A suspensão da greve, porém, é temporária. A categoria não obteve ontem, em reunião com a diretoria do Metrô no TST (Tribunal Superior do Trabalho), em Brasília, uma definição sobre a elevação salarial de 18,13% determinada no TRT (Tribunal Regional do Trabalho) e que a empresa não quer cumprir sob a alegação de que não dispõe de recursos. O sindicato já agendou uma nova assembléia na noite da próxima quarta-feira.

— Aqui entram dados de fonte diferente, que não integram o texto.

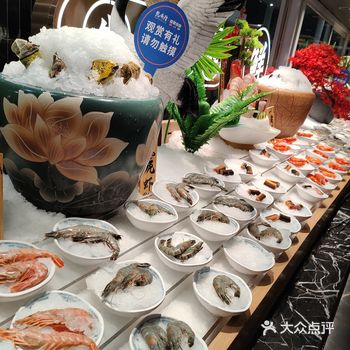 南京游玩丨河西金鹰自助餐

Na próxima segunda-feira, a paralisação de dois dias (a primeira desde 2001) será julgada no TRT, que já havia sugerido uma multa diária de R$ 200 mil por não ter havido um sistema de emergência com 100% dos trens nos picos e 80% no restante do dia. O Metrô também poderá ser punido por não ter pago os 18,13% de aumento dos salários após a decisão do TRT, tomada no final de maio.
O congestionamento recorde deste ano, no segundo dia de paralisação dos metroviários, foi de 126 km, às 9h terça-feira foram 122 km de filas. Ele também superou os 123 km de lentidão registrada às 9h30 de 8 de abril, quando houve greve de motoristas e cobradores de ônibus. A média é de 70 km a 80 km no horário.